Malawi was a de facto police state during a good part of former president Hastings Kamuzu Banda’s 30 years rule. There was no rule of law or judicial system to speak of. Kangaroo courts and traditional tribunal were Kamuzu’s preferred systems. The late Orton and his Wife Vera Chirwa who were recognised as prisoners of conscious by Amnesty International were among scores of other innocent Malawians who became victims of Kamuzu’s Kangaroo courts.

It is not that Kamuzu believed in the fairness of Kangaroo court, he did not; this is why he favoured it because he could easily control outcome of any case. This saved his dictatorship – it was the most effective way of locking up anything he feared and did not like. Dictators hate a lot of things, mostly intelligent and patriotic people.

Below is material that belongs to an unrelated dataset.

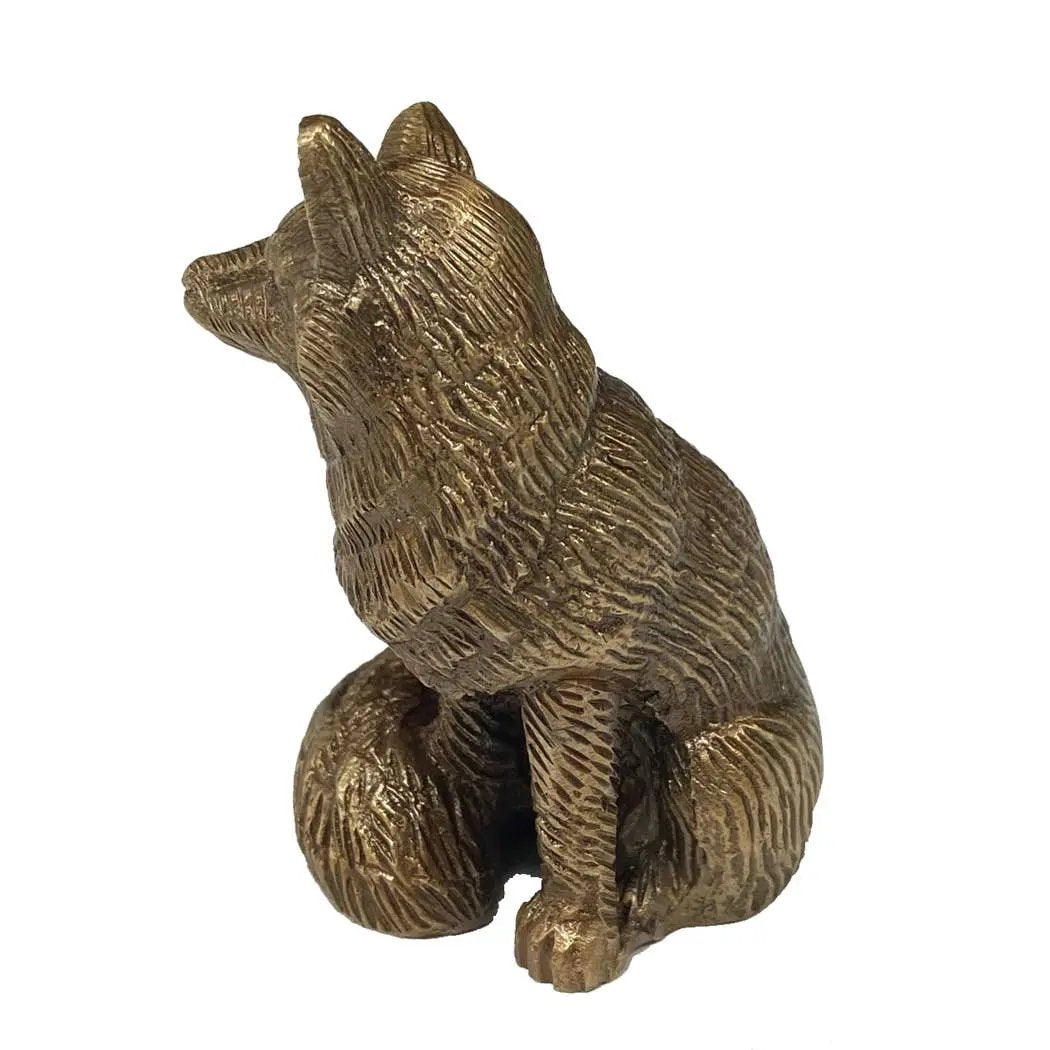 Antiqued Solid Brass Sitting Fox – Tabletop Decor / Paperweight X Small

Kangaroo courts were designed for these people.

The ironic thing is that after his presidency Kamuzu and his co-accused in Mwanza Murder Case was saved by a democratic and transparent judicial system, which he denied a lot of Malawians for 30 years he was in power.

It is regrettable to say that today those in power continue to disregard the rule of law where and when it clashes with their selfish narrow interests, as opposed to broader national interests. We saw this with the late Bingu wa Mutharika in 2011, as he sought absolute power, trying to stop Malawians challenging his increasingly autocratic rule through the courts. Mutharika initiated and failed with the so-called “injunctions bill”.

Again, the irony of this is that DPP, Mutharika’s party, heavily relied on the courts to obtain and vacate injunctions, as 2014 tripartite elections results got delayed day after day.

I am reminded of this as the DDP-led administration has decided to disregard recommendations for the revised Communications Act that the state president should not be a sole appointing authority for board managers and members of politically, and, let us face it, financially important telecommunication institutions, Malawi Communications Regulatory Authority (MACRA) and Malawi Broadcasting Corporation (MBC).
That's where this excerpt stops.